Like many other clergy, I will not perform a wedding without fairly extensive pre-marital counseling. I might not be able to talk someone out of a marriage that I think is unwise, but I can at least offer some tools to help the couple work through the inevitable problems that will arise. A wedding also involves making sure the bride and groom get the kind of ceremony they want, writing the wedding message, orchestrating the rehearsal, performing the ceremony itself and often attending the reception. On occasion, it also means cleaning up the church afterward to make sure it is ready for church services the next day. I estimate that all this takes between 20 and 30 hours of my time. Weddings also mean working on Saturdays, and generally Friday evenings as well because of the rehearsal, so they cut into the few precious hours I have with my husband. So, while I'm delighted to serve church members this way, I have to think it over before agreeing to do a wedding for those outside this church.

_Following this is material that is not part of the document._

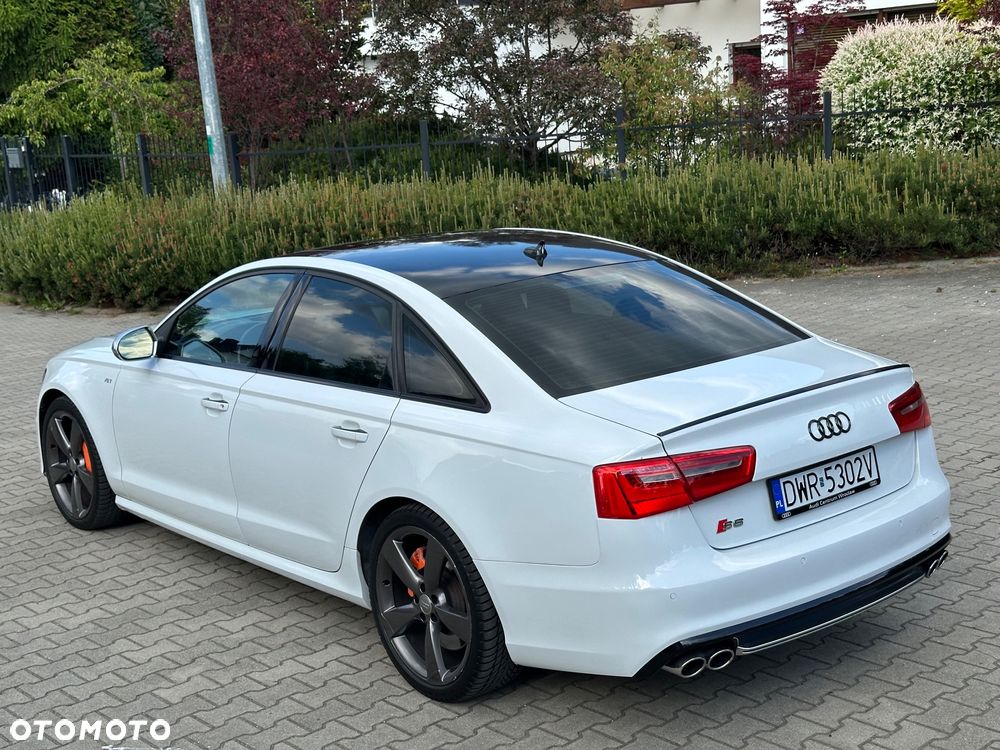Audi S6 Limousine - 20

The first request came from a couple who sit in front of my husband and me at the SMU football games we attend each year. We've both had those seats for three years now, and enjoy exchanging pleasantries with each other, but never learned each other's names. The bride-to-be approached me by email with great respect, telling me how much they especially enjoy my husband's good voice when singing the SMU Alma Mater, knew that what she was asking was an imposition, and told me that she would consider it a great honor if I would perform the ceremony, scheduled in December at the chapel on the SMU campus.

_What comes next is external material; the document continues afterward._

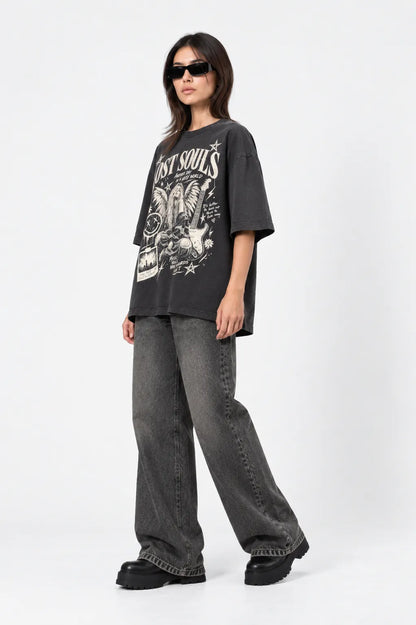 CAMISETA OVERSIZE R-M 10053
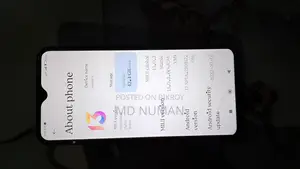 Xiaomi Redmi 9 64 GB Black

The second request came from someone who had found the church on the Internet, told me that she was looking for a church where she could be married late in October and asked to use the church and for me to perform the ceremony. She gave the impression that this was her last choice, and that she was pretty desperate.
In both cases, I emailed back explaining my policy of not doing marriages without premarital counseling and offered dates when these sessions might take place. The young woman from SMU immediately agreed to the suggested schedule and offered graceful thanks for my willingness to do this. The second person said that the times I was available were inconvenient to her and asked me to meet on weekends, effectively meaning that I would give up multiple days off in order to make sure her wedding took place at minimal inconvenience to her. There were no words of thanks, no particular respect given to the many years of training and education necessary for me to be in the position of being able to perform a wedding ceremony, and no understanding at all that her schedule was not the only one that mattered here.
I found the differences in these two requests to be intriguing, and perhaps insightful as to why our prayers to God may often go unanswered. How often do I go to God demanding that God perform on my time schedule? How often do I insist that God give me what I want when I want it? How oblivious am I to the fact that getting what I want when I want it might be detrimental to the well-being of others? I believe God's love for us is so powerful that it pleases God to give good gifts to us. Could it be that God's pleasure in giving good gifts increases when we chose by our words and actions to give honor and praise to God? Could it be that God gets tired of our demandingness and might appreciate a little gratefulness? It makes sense to me.
The rest of the story here--I will be doing the wedding for the couple from SMU. But after a few emails back and forth with the other bride-to-be, I chose to decline to perform the ceremony. I most sincerely hope she found a place and a pastor, but I decided not to re-arrange much of my life for her. I made this decision sadly. Let's hope we can all learn something from this.